The EU’s European Works Council directive came into force in the member states in September 1996 (2000 in the UK, and later in the newer member states). It requires companies in scope, if requested, to set up a European Works Council comprising representatives of employees from across the EU. The EWC is a permanent body which senior management must inform and consult on a regular basis about transnational issues affecting employment.
The directive was amended in 2009 to improve the rights for EWC members and to encourage more companies to set up a European Works Council. The new directive is known as the “recast” EWC directive, and came into force in the member states in June 2011.
EWC legislation applies to multinational companies with operations in more than one member state. It requires central management to negotiate an agreement with representatives of their European employees. The agreement covers things such as how many employee representatives will sit on the European Works Council, from which countries and parts of the business, how management will inform and consult the EWC, and what subjects will be in scope.
If no agreement is reached on setting up a European Works Council, then fallback rules apply. These are known as the “Subsidiary Requirements”. They impose an obligation on the company to establish a European Works Council consisting of employee representatives from all member states in which it has employees, and to inform and consult them at least once a year in a meeting with senior management. Additional meetings must be held during the year if there are significant transnational issues on which the EWC must be consulted.
Many European Works Councils are entitled to use expert advisers to help them carry out their role, paid for by the company. They also have a legal right to “the means required to apply the rights arising from” the directive.
Each member state has adopted its own laws implementing the directive in their country, and a European Works Council will be established under the law of one of the member states.
European Works Councils in the UK
The UK legislation implementing the EWC directive is known as the Transnational Information & Consultation of Employees Regulations 1999, or the TICE Regs for short. The Regulations were updated in 2010 to take on board the changes made by the “recast” directive.
The Regulations provide for legal enforcement via the Central Arbitration Committee or CAC. Most EWC agreements made under the Regulations are enforceable at the CAC. If a company is subject to the “Subsidiary Requirements” (ie there is no agreement establishing an EWC), these are enforceable against it at the CAC. Other provisions in the Regulations are also enforceable against the company, including rules on how it informs and consults the EWC. This means that if a company does not set up a European Works Council when requested, or if it does not inform and consult its European Works Council in the way required by its EWC agreement and by the Regulations, a complaint can be made to the CAC.
The Central Arbitration Committee will rule on whether the company has breached its EWC agreement or any of the other requirements in the TICE Regulations. If it upholds a complaint, it can order the company to comply with its agreement or with the Regulations. In addition, a fine can be imposed on the company.
European Works Councils in Ireland
The Irish legislation implementing the EWC directive is known as the Transnational Information & Consultation of Employees Act 1996 or the TICE Act for short.
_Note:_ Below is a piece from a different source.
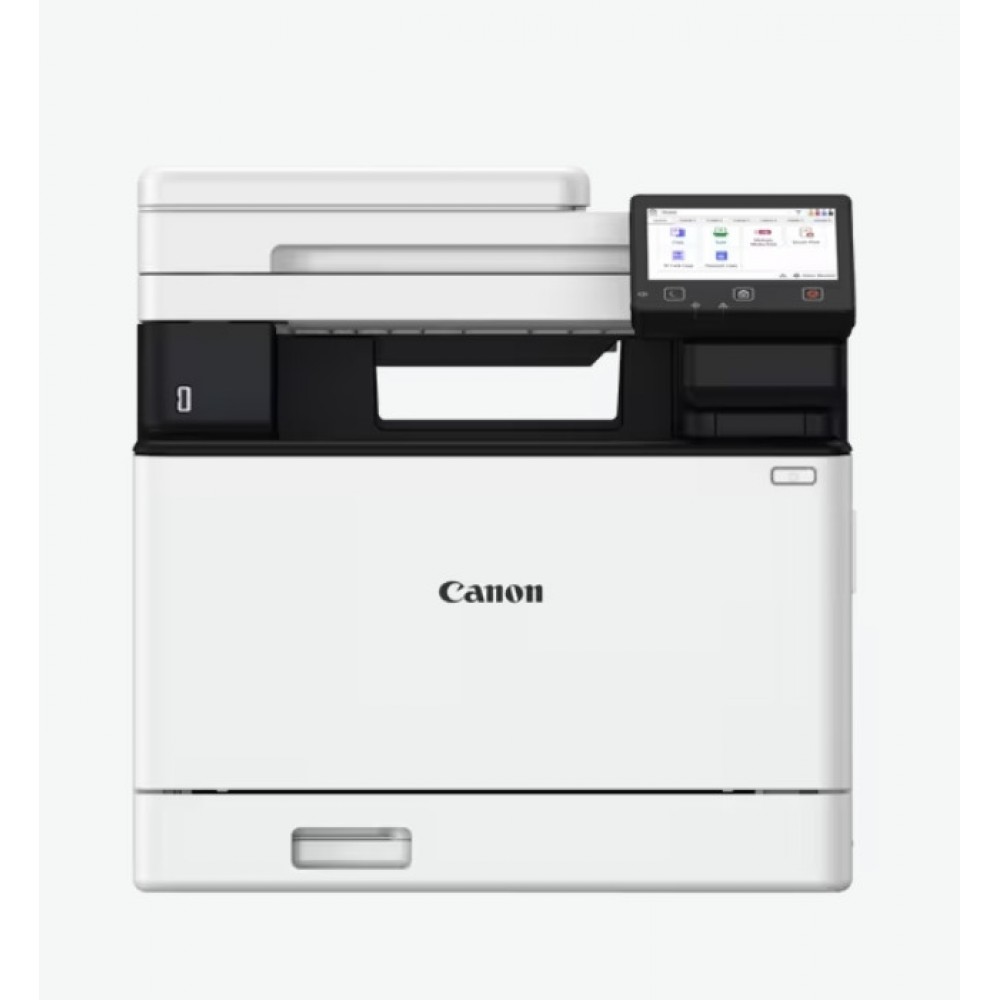 Canon imageFORCE C1333F A4 Цветно Лазерно МФУ – 33 стр./мин, Duplex, Wi-Fi, DADF + 1 комплект тонери T12 – 7185C001AA_PROMO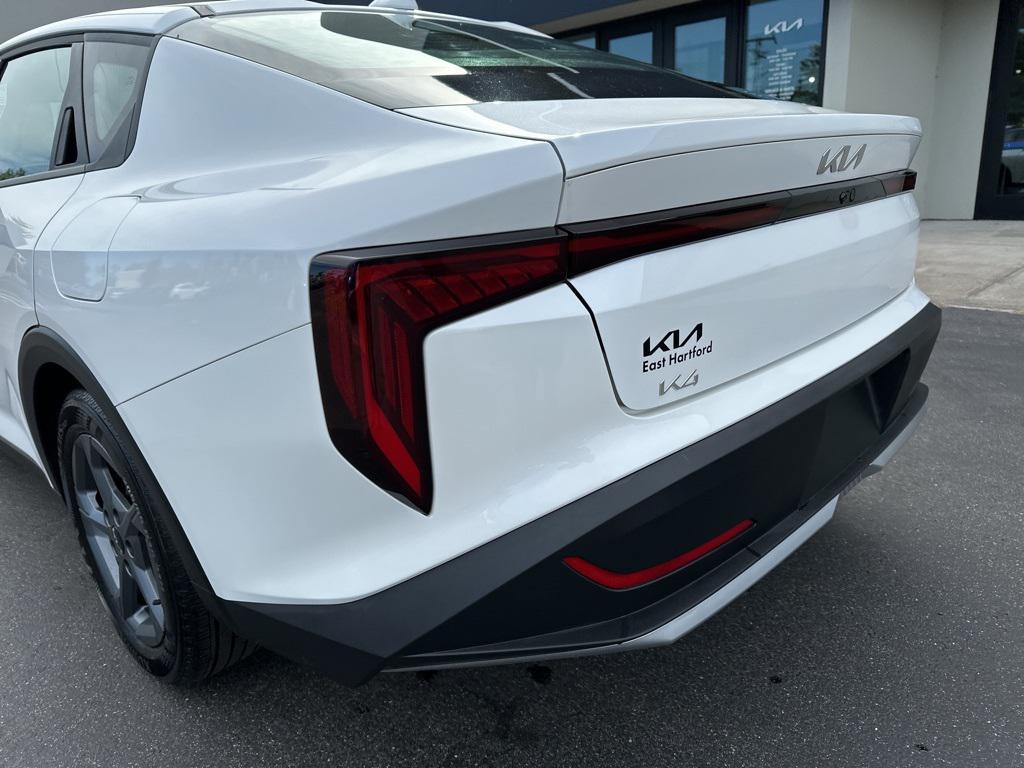 used 2025 Kia K4 car, priced at $21,399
The Act was updated in 2011 to take on board the changes made by the “recast” directive.
Any dispute over the interpretation or operation of most EWC agreements made under the Irish law can be referred by either management or employees’ representatives to an independent arbitrator, appointed on terms agreed between the parties. If they cannot agree on who should be appointed, or the terms of appointment, either party may apply to the Labour Court, which will refer the dispute to an arbitrator of its choice.
Where a company is subject to the “Subsidiary Requirements” of the Irish law (ie there is no agreement establishing an EWC), non-compliance with the Subsidiary Requirements – for example failure to set up an EWC or failure to consult it as required – is an offence punishable by a fine. A complaint can be made to the Workplace Relations Commission.